### WORK REQUEST
Starting at the line that contains "Casa 6 ambientes con 2 baños", transcribe every remaining line of the entries exactly, including the last one.

### Brief descriptive captions
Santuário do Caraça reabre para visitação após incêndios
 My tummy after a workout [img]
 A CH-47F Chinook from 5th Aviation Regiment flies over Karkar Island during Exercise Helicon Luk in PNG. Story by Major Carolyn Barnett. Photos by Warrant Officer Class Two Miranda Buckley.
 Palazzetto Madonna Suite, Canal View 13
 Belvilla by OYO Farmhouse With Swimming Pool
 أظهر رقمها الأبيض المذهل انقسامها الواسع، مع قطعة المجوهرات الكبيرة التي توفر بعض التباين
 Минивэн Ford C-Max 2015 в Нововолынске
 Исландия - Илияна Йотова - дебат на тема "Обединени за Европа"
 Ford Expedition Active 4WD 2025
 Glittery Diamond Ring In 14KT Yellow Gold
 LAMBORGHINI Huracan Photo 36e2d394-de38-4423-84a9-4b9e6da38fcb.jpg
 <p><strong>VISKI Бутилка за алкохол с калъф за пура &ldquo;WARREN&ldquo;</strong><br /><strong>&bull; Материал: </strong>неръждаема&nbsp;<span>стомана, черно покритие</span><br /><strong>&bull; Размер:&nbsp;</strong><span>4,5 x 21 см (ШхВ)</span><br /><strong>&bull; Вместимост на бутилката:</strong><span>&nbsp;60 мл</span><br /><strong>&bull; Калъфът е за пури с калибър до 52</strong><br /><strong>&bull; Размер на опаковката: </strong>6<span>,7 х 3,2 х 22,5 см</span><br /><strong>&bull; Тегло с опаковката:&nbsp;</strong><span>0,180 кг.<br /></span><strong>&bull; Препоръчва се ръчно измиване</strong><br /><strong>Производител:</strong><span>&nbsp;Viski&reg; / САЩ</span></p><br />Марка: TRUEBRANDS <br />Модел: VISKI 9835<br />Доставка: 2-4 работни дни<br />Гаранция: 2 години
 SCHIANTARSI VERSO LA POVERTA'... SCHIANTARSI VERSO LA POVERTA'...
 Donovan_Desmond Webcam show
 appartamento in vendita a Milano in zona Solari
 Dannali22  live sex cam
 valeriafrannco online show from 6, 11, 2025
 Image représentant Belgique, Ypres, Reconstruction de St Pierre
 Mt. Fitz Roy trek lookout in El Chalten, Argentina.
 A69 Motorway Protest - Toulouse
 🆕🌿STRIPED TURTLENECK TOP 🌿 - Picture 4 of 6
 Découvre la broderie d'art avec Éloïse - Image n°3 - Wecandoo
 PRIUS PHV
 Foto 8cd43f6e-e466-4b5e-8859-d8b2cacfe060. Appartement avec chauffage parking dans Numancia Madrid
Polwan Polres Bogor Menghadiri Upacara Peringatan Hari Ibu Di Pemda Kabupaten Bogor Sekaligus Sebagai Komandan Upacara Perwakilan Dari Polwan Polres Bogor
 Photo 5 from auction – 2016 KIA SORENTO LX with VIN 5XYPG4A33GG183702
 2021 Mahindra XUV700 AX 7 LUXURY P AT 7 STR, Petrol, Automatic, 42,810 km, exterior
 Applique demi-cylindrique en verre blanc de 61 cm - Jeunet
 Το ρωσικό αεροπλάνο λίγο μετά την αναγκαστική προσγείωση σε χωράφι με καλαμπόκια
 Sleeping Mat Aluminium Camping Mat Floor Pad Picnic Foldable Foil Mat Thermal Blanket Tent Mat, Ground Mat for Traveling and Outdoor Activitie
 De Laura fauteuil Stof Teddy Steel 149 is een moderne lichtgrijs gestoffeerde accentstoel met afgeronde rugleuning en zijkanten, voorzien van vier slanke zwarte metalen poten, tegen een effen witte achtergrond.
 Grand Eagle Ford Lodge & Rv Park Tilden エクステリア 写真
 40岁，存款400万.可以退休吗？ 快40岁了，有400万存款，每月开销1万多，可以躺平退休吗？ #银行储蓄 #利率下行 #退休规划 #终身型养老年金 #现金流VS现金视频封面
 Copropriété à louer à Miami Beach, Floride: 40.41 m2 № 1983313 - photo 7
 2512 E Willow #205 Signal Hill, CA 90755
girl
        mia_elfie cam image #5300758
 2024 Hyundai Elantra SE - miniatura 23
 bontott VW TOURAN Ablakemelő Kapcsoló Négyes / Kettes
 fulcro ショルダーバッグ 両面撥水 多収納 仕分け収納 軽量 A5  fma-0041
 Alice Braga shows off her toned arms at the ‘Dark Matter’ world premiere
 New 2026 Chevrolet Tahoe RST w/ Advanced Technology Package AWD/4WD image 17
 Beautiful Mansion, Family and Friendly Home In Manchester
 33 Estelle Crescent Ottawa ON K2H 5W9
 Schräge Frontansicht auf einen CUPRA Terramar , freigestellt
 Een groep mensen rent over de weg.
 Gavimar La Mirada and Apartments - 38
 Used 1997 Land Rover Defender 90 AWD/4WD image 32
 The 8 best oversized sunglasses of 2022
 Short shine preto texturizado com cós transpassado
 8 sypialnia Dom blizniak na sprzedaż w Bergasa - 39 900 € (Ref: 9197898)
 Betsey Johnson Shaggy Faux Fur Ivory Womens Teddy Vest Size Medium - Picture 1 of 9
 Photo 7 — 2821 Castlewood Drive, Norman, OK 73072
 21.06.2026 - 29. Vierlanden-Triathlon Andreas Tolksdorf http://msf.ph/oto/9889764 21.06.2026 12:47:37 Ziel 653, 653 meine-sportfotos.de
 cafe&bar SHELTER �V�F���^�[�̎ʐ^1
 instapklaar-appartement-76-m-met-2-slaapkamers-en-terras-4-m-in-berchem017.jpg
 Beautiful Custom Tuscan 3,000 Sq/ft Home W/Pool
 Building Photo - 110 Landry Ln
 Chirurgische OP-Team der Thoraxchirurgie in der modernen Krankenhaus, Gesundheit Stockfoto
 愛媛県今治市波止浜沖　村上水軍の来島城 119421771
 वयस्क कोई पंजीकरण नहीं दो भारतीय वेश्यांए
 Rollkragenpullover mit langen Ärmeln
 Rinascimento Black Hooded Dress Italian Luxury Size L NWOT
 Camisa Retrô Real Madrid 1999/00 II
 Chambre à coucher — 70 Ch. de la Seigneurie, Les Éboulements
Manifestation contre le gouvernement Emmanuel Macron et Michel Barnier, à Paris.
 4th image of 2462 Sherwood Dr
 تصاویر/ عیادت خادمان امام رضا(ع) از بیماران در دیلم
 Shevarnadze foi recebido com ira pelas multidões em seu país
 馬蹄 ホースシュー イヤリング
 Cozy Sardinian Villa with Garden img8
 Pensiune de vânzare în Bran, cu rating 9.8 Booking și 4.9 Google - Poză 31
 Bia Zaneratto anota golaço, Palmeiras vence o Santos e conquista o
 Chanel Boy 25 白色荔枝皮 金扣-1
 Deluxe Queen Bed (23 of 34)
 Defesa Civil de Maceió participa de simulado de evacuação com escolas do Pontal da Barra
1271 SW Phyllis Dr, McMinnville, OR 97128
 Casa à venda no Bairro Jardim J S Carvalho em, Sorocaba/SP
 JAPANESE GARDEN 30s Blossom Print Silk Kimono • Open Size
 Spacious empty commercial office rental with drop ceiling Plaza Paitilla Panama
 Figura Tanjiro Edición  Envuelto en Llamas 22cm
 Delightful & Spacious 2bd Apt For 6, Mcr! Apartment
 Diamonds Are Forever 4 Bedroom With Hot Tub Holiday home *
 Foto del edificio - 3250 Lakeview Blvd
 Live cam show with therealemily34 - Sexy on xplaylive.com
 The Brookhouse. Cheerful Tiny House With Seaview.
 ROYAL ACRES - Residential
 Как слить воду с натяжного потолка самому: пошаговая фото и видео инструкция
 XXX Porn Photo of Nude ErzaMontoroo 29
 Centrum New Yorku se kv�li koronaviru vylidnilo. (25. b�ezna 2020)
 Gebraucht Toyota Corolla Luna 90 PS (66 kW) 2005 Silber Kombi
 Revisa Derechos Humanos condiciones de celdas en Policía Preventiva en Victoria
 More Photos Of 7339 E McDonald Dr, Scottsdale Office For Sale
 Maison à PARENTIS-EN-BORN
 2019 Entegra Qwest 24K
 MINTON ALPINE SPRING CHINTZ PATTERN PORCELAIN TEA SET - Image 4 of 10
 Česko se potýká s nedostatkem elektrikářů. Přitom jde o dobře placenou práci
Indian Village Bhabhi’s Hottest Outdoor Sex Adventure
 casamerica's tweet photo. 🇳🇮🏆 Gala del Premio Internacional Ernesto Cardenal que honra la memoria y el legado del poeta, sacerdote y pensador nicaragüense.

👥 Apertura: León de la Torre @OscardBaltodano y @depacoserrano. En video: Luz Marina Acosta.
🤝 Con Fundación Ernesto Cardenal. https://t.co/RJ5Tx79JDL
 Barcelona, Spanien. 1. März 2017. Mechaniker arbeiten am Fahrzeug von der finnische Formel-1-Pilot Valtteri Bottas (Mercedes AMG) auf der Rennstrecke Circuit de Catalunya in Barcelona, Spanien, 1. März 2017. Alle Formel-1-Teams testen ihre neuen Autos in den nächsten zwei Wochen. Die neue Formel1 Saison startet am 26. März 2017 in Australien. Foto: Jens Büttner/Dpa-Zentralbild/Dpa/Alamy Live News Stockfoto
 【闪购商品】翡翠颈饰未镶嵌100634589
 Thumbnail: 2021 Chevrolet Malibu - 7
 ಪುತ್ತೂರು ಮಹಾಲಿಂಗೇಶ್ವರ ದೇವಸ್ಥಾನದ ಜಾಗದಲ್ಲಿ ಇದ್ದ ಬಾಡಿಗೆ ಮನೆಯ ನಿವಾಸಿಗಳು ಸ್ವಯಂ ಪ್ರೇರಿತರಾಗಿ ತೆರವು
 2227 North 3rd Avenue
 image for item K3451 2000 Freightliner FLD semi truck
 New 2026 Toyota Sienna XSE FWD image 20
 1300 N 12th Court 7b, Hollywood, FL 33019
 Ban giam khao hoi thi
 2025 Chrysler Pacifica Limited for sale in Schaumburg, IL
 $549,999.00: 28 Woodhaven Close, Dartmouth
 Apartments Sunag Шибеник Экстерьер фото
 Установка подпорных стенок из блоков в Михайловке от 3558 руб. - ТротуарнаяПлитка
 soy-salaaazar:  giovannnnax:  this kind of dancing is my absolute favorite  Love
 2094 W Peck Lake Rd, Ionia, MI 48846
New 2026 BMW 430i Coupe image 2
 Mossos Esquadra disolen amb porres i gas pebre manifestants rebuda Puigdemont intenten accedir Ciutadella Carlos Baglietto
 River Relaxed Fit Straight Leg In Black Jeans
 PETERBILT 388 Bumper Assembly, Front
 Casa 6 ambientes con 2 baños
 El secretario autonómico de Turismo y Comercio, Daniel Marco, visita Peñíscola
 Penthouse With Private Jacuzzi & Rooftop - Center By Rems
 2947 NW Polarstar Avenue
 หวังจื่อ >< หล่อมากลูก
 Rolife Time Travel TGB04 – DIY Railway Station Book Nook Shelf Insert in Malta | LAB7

### RESPONSE AREA
 Casa 6 ambientes con 2 baños
 El secretario autonómico de Turismo y Comercio, Daniel Marco, visita Peñíscola
 Penthouse With Private Jacuzzi & Rooftop - Center By Rems
 2947 NW Polarstar Avenue
 หวังจื่อ >< หล่อมากลูก
 Rolife Time Travel TGB04 – DIY Railway Station Book Nook Shelf Insert in Malta | LAB7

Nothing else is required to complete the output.